Image-caption web data:
[Start of Attachment]

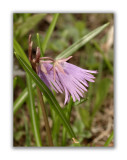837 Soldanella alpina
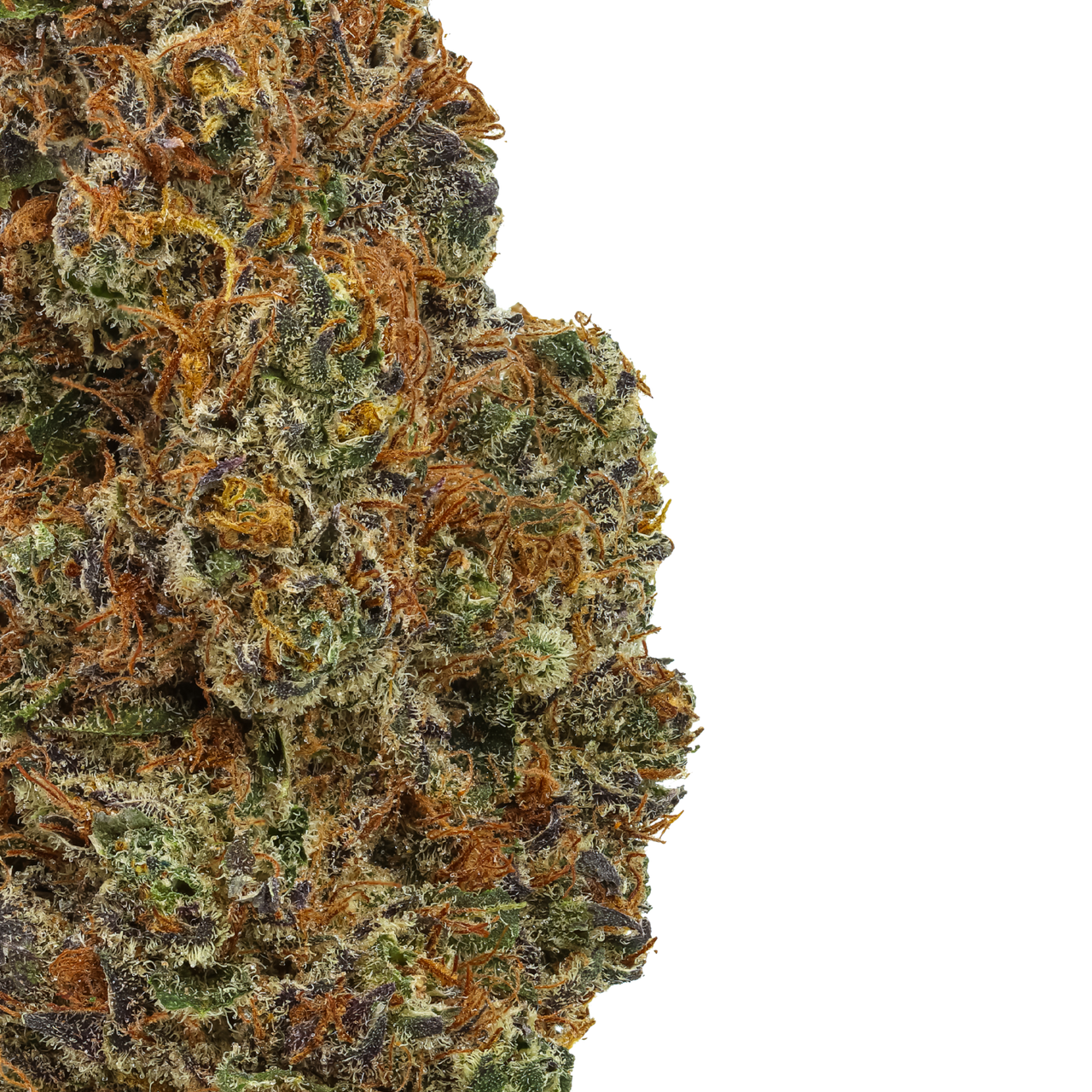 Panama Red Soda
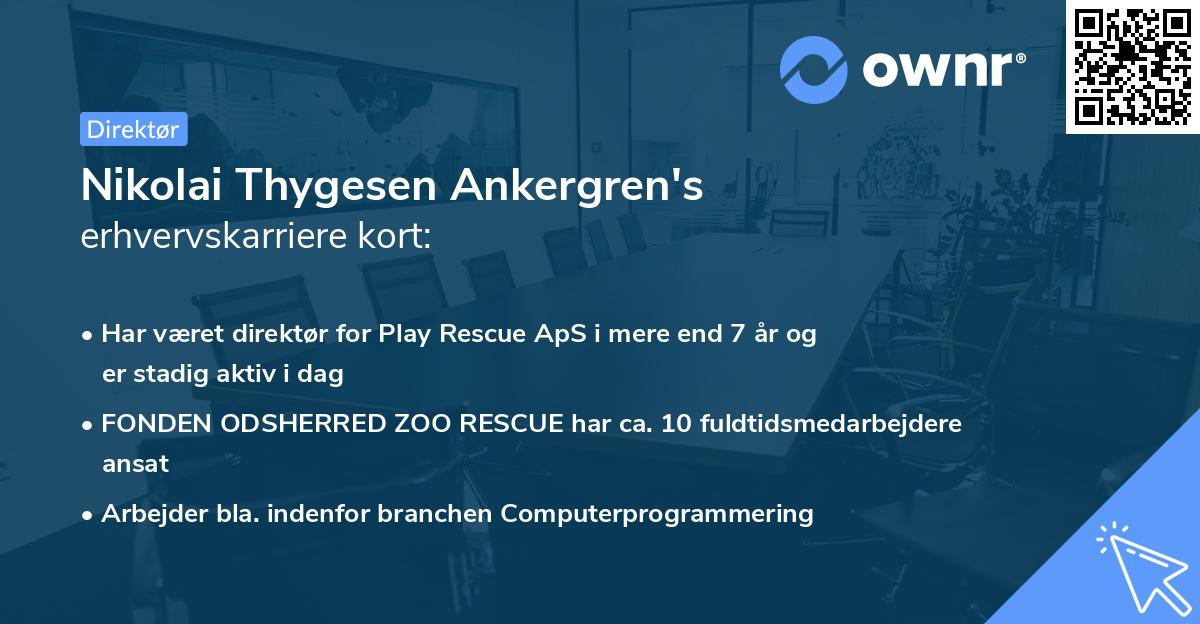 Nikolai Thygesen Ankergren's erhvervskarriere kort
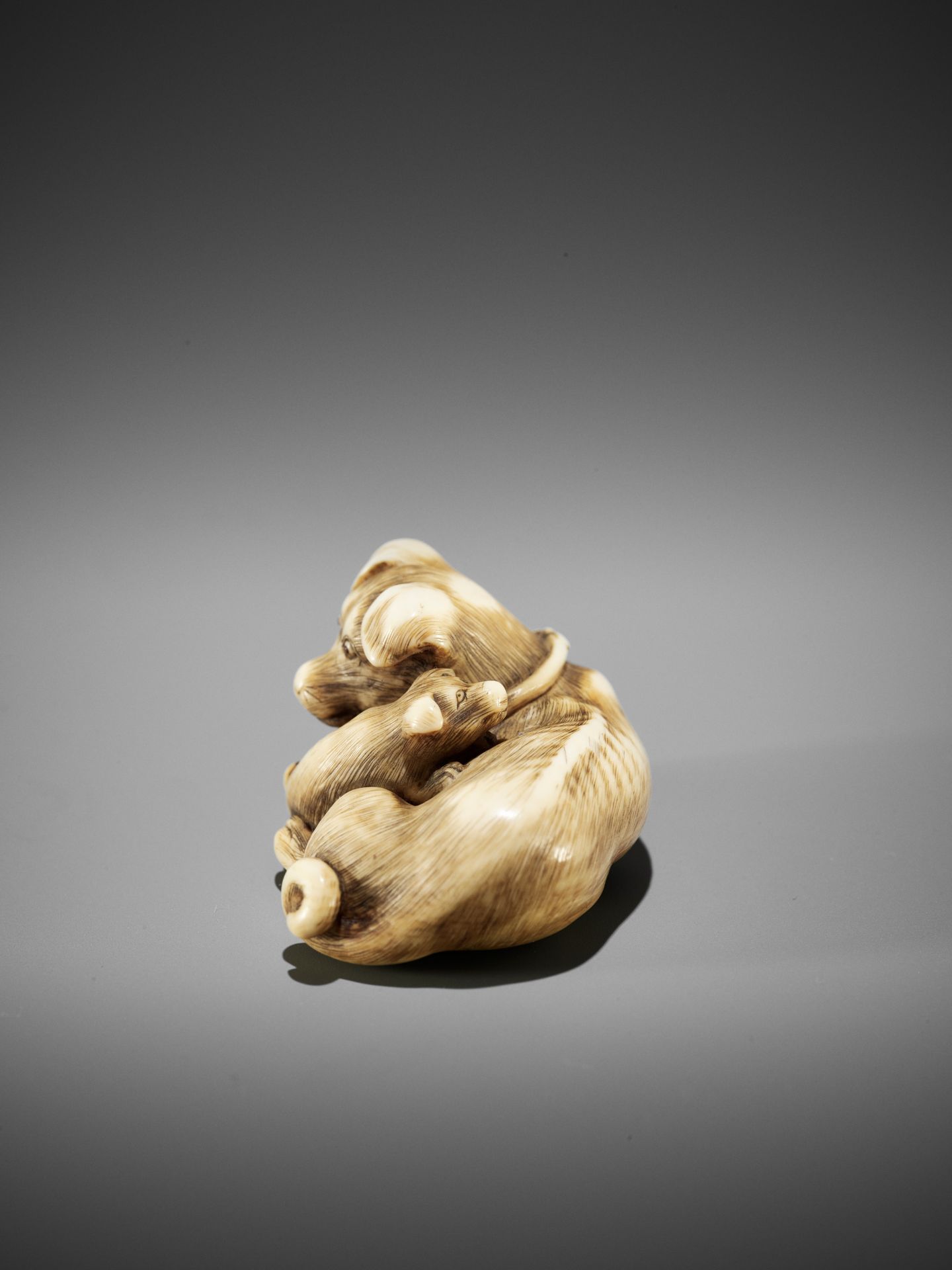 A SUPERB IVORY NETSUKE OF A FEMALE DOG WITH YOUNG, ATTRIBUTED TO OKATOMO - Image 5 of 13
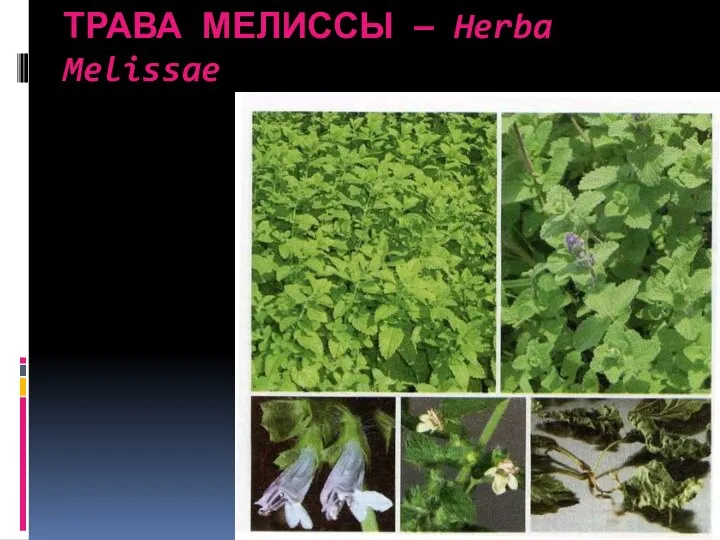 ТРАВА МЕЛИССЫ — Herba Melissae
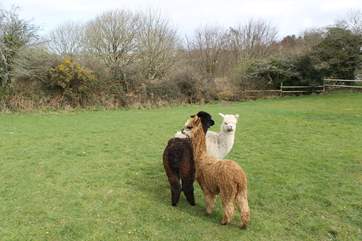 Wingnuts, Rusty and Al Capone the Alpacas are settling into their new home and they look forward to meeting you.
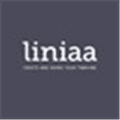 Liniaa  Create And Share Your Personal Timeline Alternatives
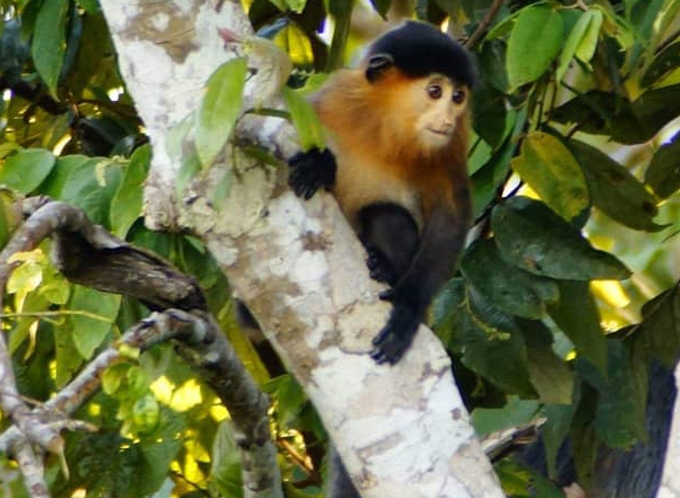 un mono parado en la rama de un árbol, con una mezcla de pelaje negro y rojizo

[End of Attachment]

Retype every entry word for word, but do not carry over the pictures.

### [Task output]
837 Soldanella alpina
 Panama Red Soda
 Nikolai Thygesen Ankergren's erhvervskarriere kort
 A SUPERB IVORY NETSUKE OF A FEMALE DOG WITH YOUNG, ATTRIBUTED TO OKATOMO - Image 5 of 13
 ТРАВА МЕЛИССЫ — Herba Melissae
 Wingnuts, Rusty and Al Capone the Alpacas are settling into their new home and they look forward to meeting you.
 Liniaa  Create And Share Your Personal Timeline Alternatives
 un mono parado en la rama de un árbol, con una mezcla de pelaje negro y rojizo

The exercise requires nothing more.